EXERCISE INSTRUCTIONS:
Scan the data beneath this task and copy each line that includes "Nike".

RECORDED DATA:
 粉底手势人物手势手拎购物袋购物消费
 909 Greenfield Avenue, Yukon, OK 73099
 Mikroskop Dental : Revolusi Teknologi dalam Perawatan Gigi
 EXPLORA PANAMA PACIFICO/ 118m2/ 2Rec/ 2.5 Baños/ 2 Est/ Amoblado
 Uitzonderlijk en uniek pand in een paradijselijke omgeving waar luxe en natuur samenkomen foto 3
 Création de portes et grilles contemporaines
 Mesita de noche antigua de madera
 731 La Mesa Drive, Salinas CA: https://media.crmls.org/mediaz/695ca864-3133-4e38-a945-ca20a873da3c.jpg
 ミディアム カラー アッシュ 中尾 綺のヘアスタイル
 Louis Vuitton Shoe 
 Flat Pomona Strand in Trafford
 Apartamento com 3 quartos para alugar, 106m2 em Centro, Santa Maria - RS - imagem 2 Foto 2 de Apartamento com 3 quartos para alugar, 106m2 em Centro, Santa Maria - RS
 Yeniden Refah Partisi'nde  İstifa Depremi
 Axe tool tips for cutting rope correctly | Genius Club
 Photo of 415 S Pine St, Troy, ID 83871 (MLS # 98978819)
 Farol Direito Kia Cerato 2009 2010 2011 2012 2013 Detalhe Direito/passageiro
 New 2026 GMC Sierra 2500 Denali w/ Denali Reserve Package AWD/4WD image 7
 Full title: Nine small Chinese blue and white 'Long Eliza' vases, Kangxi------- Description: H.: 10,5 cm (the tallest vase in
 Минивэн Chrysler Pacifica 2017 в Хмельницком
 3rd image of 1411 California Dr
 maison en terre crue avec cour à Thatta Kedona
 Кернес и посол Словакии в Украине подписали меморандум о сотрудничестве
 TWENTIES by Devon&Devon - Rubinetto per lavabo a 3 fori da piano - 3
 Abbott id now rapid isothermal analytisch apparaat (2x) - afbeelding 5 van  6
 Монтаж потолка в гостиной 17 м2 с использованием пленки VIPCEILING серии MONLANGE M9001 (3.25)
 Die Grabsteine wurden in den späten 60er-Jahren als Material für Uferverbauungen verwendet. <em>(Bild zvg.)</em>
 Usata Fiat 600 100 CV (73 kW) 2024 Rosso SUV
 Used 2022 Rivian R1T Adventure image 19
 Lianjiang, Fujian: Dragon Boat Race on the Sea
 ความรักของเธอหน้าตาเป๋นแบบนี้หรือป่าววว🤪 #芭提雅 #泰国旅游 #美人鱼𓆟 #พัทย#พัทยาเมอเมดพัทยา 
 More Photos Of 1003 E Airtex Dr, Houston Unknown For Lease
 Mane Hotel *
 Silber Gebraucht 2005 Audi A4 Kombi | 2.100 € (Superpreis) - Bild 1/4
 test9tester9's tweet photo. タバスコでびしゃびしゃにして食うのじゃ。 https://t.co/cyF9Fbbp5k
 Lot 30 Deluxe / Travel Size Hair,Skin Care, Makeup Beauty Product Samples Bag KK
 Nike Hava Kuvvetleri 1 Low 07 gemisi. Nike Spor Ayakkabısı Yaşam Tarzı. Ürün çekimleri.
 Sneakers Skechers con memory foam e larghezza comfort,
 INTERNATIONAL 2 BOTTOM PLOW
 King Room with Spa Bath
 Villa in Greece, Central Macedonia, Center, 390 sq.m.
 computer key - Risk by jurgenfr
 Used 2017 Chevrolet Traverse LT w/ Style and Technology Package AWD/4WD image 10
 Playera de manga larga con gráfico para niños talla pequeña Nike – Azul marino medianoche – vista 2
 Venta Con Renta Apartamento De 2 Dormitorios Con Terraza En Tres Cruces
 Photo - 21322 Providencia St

TASK ANSWER:
 Nike Hava Kuvvetleri 1 Low 07 gemisi. Nike Spor Ayakkabısı Yaşam Tarzı. Ürün çekimleri.
 Playera de manga larga con gráfico para niños talla pequeña Nike – Azul marino medianoche – vista 2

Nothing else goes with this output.